Lo storico più popolare del momento, Alessandro Barbero, traccia un disegno ricco della vita di Dante come uomo del Medioevo, che, naturalmente, non sapeva di esserlo, ed era quindi soltanto un uomo del suo tempo tout court. Per Lui, ovviamente, il trecento era il massimo della modernità, e noi non dobbiamo mai scordarcelo, perché è un secolo che a Dante non piaceva, vedendolo pervaso di corruzione e di decadenza, in contrapposizione all’epoca precedente, quando ancora i liberi comuni non cedevano alle signorie e i cittadini godevano, secondo Lui, della migliore libertà che il genere umano avesse conosciuto.

AB segue Dante nella sua adolescenza di figlio di un cambiatore, cioè di un usuraio, che aspira ad appartenere al mondo delle persone “gentili”; lo segue poi nei vagabondaggi dell’esiliato che scopre la varietà dell’Italia del Trecento, superiore anche a quella delle epoche successive. Non si tace sull’incertezza della ricostruzione di ampi tratti della sua vita: AB presenta in modo documentale e documentato gli argomenti pro e contro le diverse ipotesi, frutto meticoloso della sua ricerca fatta sulle fonti, ma anche e forse soprattutto sul molto che su Dante già è stato scritto da altri, dando giustamente la preferenza a quelli che erano più vicini all’epoca del Poeta, come Giovanni Boccaccio e Leonardo Bruni, senza disdegnare Piero, figlio di Dante.

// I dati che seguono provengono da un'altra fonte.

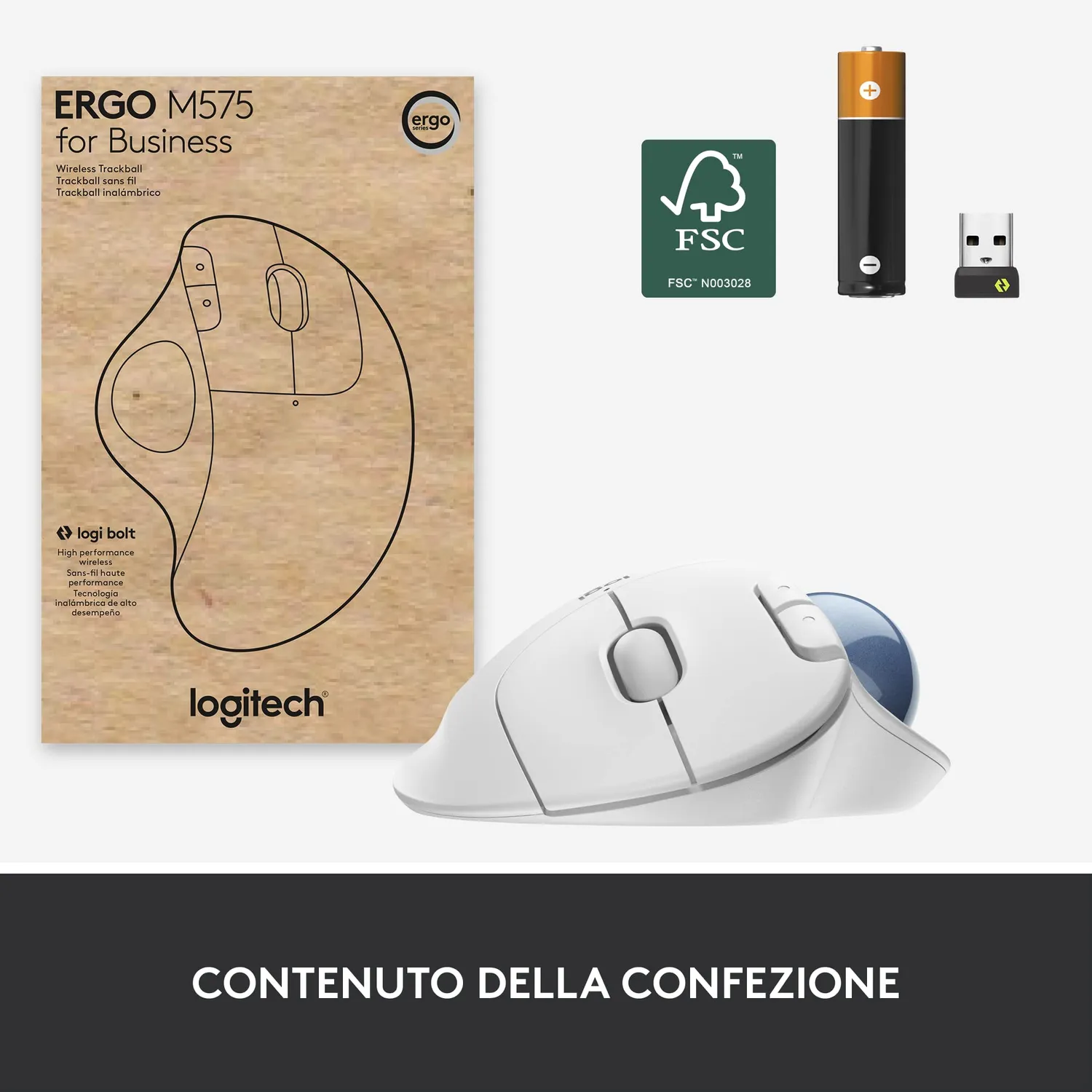 Logitech ERGO M575 trackball wireless nero ergonomico
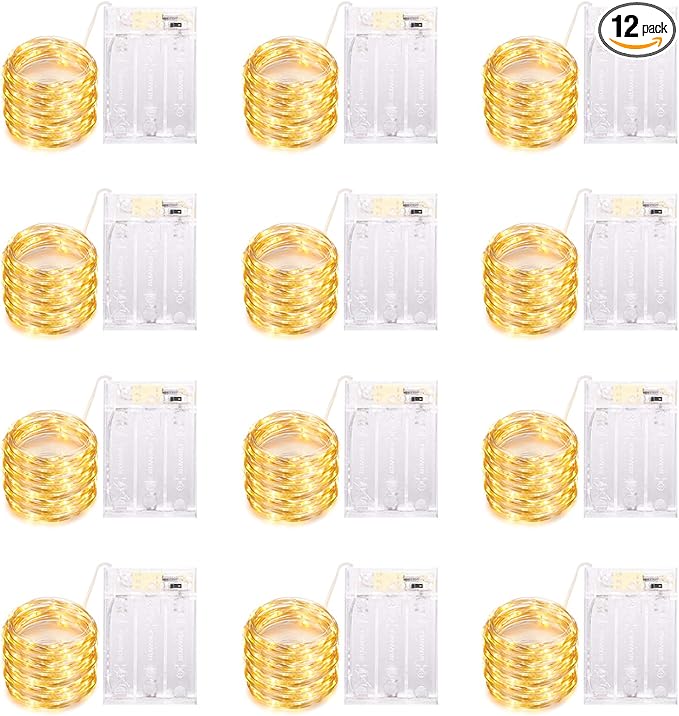 12 Pack Led Fairy Lights Battery Operated String Lights with Timer Waterproof Silver Wire 14 Feet 40 Led Twinkle Mason Jar Lights for Wedding Party Bedroom Patio Christmas Warm White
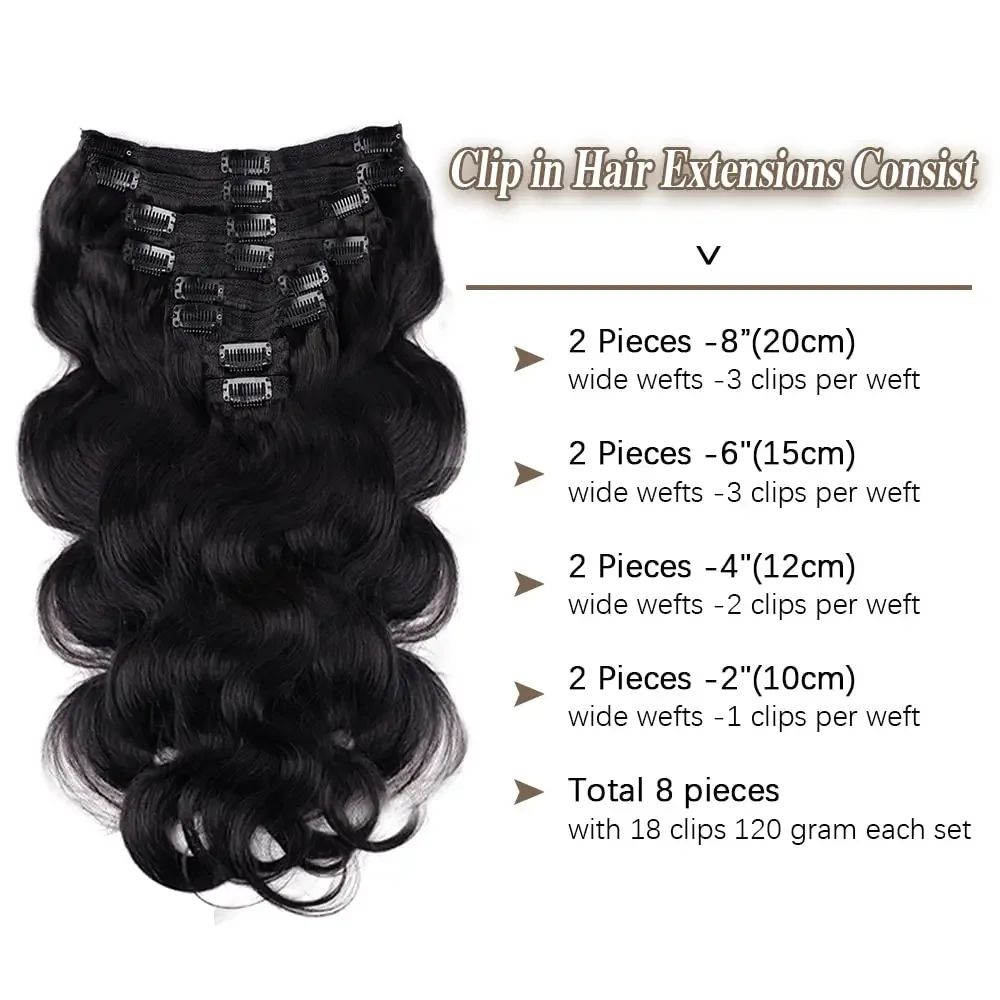 Body Wave Clip In Echthaar Extensions Set Echthaarsträhnen_voghion.com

Sono tuttavia presenti le contraddizioni, i ripensamenti del Poeta nel corso del suo esilio, la sua disponibilità a riconoscere torti che è certo di non avere, ma la sua indisponibilità ad accettare l’umiliazione, per cui si assiste a una fase dimessa, ma poi di nuovo a una fase arrabbiata, per terminare con una semplicemente rassegnata.

Dai testi originali di cui AB parla, e da quello che mutua da quanto altri ne hanno scritto, nasce una sorta di romanzo in cui le vicende della vita di Dante sono narrate per mezzo di una documentazione ricchissima, nella quale a volte è difficile orientarsi, e si sente la mancanza di qualche sinottico esplicativo; ma questo esula dal lavoro del divulgatore. AB fa invece sfoggio della propria cultura: gli piace stupire, e cerca di farlo ogni volta che può. È brillante, si pregia di esserlo, e anche la sua prosa lo è, ed è gelido il suo umorismo, quando dice che la baratteria era l’incubo della vita politica italiana, ma, ben s’intende, nel medioevo!

AB nomina luoghi anche assai poco conosciuti e persone che ben poca traccia hanno lasciato nella storia, e che mai avrebbero pensato di essere nominati in un libro scritto settecento anni dopo la loro dipartita. Stupiscono i nomi, come quello di Preitenitto figlio di Cacciaguida, ma anche Lapa, seconda moglie di Alighiero, padre del Poeta, e poi Burnetto e Drudolo, zii di Dante, sua sorella Tana e molti altri. Ma accanto a essi, ci sono anche i grandi del medioevo italiano: Boccaccio e Petrarca, Giovanni Villani e Dino Compagni, Galeazzo Visconti e Farinata degli Uberti, Cangrande della Scala e Uguccione della Faggiola, i Malaspina di Sarzana, i Da Polenta di Ravenna, i conti Guidi del Casentino, i Cerchi, i Donati, papi e re. Se non ci si perde in tanta ricchezza, la lettura di questo libro (Laterza, 19 €, 270 pagine di testo, 60 di note e 30 di bibliografia e indice dei nomi) è piacevole e alla fine ci si sente più vicini al Poeta.